1553 Noraini Roslan YDH. TPr. Hajah Noraini binti Haji Roslan is t... https://politikus.sinarproject.org/persons/nor...

ICIJ Offshore Leaks

Now that we have some names, we can use some of these beneficial ownership data to match names with. ICIJ Offshore Leaks is a good one, because each time a new PEP or associate is added, there is a possibility that there is match for some that was missed before.

You can download the database of past leaks from ICIJ website.

It's not difficult to quickly import all of it into pandas

files =[

icij_dfs = []
for f in files:
icij_dfs.append(pd.read_csv('/storage/datasets/offshore/' + f, usecols=['name','node_id']))

df_icij = pd.concat(icij_dfs)

This should be enough to get some names (1,531,731) some unique ID we can use later to refer to ICIJ database for other details.

A simple matching exercise

fuzzymatcher is useful for quick name matching and joining two Pandas dataframes.

Some basic cleaning up, to improve matching, you usually want to clean up the data a bit like make it all uppercase, trim etc.

df_icij['name'] = df_icij['name'].str.upper()
df_politikus['name'] = df_politikus['name'].str.upper()

Then match politikus names against ICIJ:

left_on = ['name']
right_on = ['name']

df_match = fuzzymatcher.fuzzy_left_join(df_politikus,df_icij,left_on, right_on)

Update: Note this matches only one ICIJ match, to one Politikus PEP or associate.

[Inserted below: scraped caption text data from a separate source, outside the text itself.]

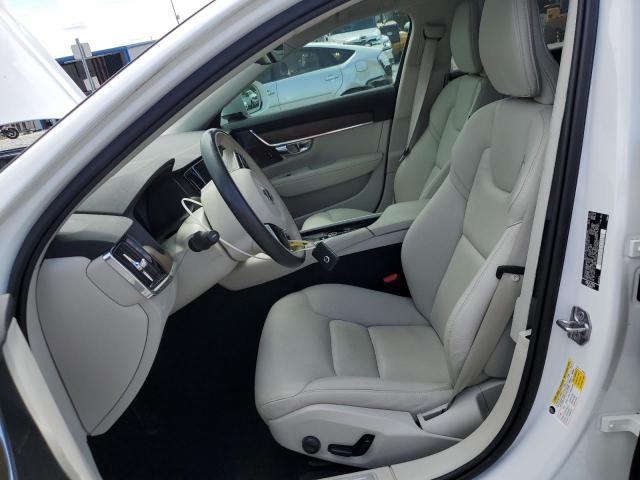 2021 VOLVO V90 CROSS YV4A22NLXM1141135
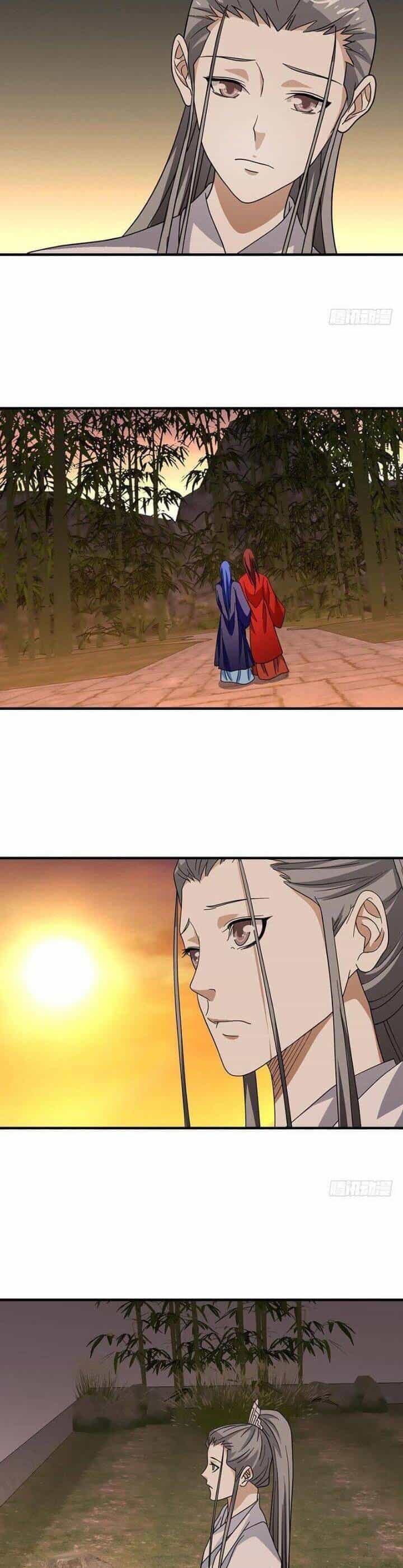 Thiên Long Bát Bộ Webtoon - Chương 44 - ảnh 7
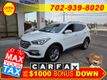 2017 Hyundai Santa Fe Sport 2.4L Automatic - 22774706 - 0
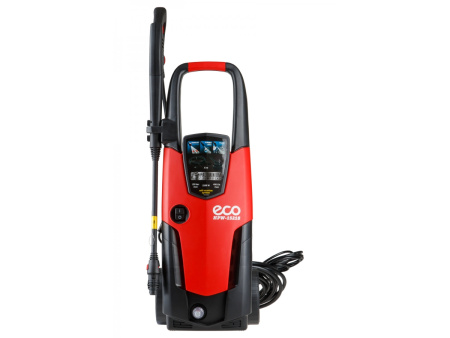 Мойка высокого давления Eco HPW-1521S HPW1521S0001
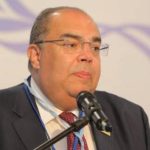 محمود محيي الدين : المدن على خط النار المناخي.. والتمويل المبتكر هو طوق النجاة - 1 - سيناء الإخبارية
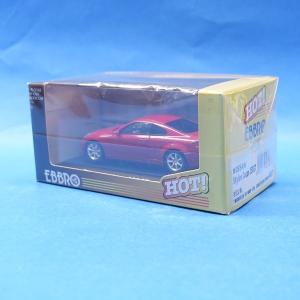 EBBRO 487 1/43 NISSAN Skyline Coupe 350GT EWD M.｜purasen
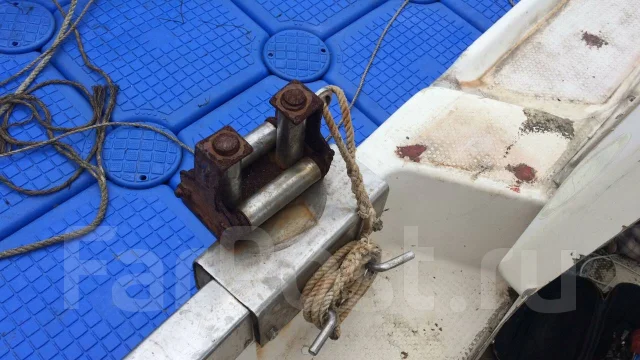 Yamaha Fisher 24. ����� 7,5��., ��������� ���������, 200��.�., ������ ����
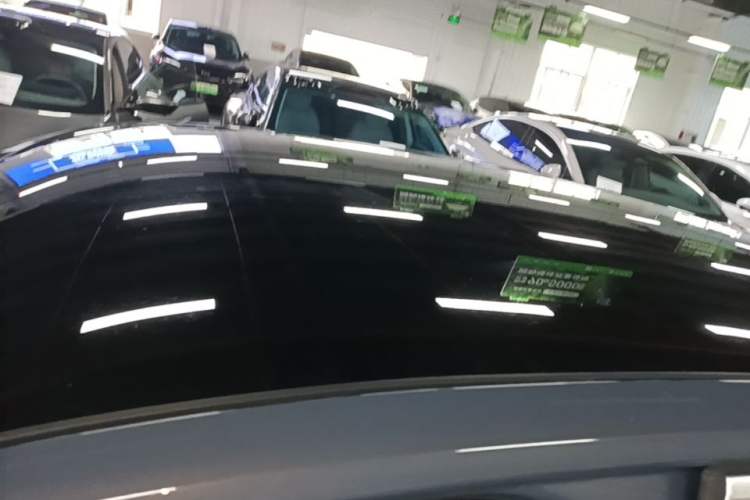 Used BMW i5 2024 eDrive 35L M Sport Package Roof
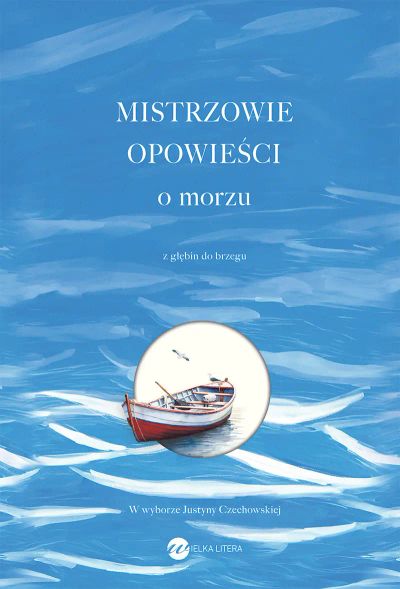 Mistrzowie opowieści o morzu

Your probably want the other way around, icij on left, politikus on right, which try score every ICIJ name against Politikus names. This would need, an additional step of additional filtering for say a certain threshold, so you export only say anything over 0.65 and have a thousand or so rows of the best results, and throw away the 1.4 million or so rows of obviously different names. I'll cover this in upcoming note covering latest data with Pandora papers.

... get some coffee

Once done you can do analysis in Pandas, or export to CSV, maybe for others to then reuse it in whatever tools they're familiar with. Here I loaded it up into spreadsheet, and then sorted it by the best matching scores.You can download this CSV file here.

Screenshot from 2021-12-04 20-33-41.png
Top name matches in ICIJ databases

With some leads, you can now start searching and exploring the highest scoring matches in this case Raja Nong Chik on ICIJ, and Politikus data already provides you with some basic info and url for additional information.

Screenshot from 2021-12-04 20-41-58.png
ICIJ Online Network browser for Raja Nong Chik Bin Raja Zainal Abidin

These exercises help me build snippets of code, and explore methods. Instead of putting it all into one single DataFrame, I could explore doing it concurrently for each separate list of names using all CPU threads, refactor some parts into reusable scripts and so on. Politikus also has other data points such as addresses, identification numbers, faces and so on that could also be used as additional signals for scoring and matching.

Politikus also stores relationships, which provide other interesting methods of uncovering possible abuses of power, such as using network graph to identify cliques.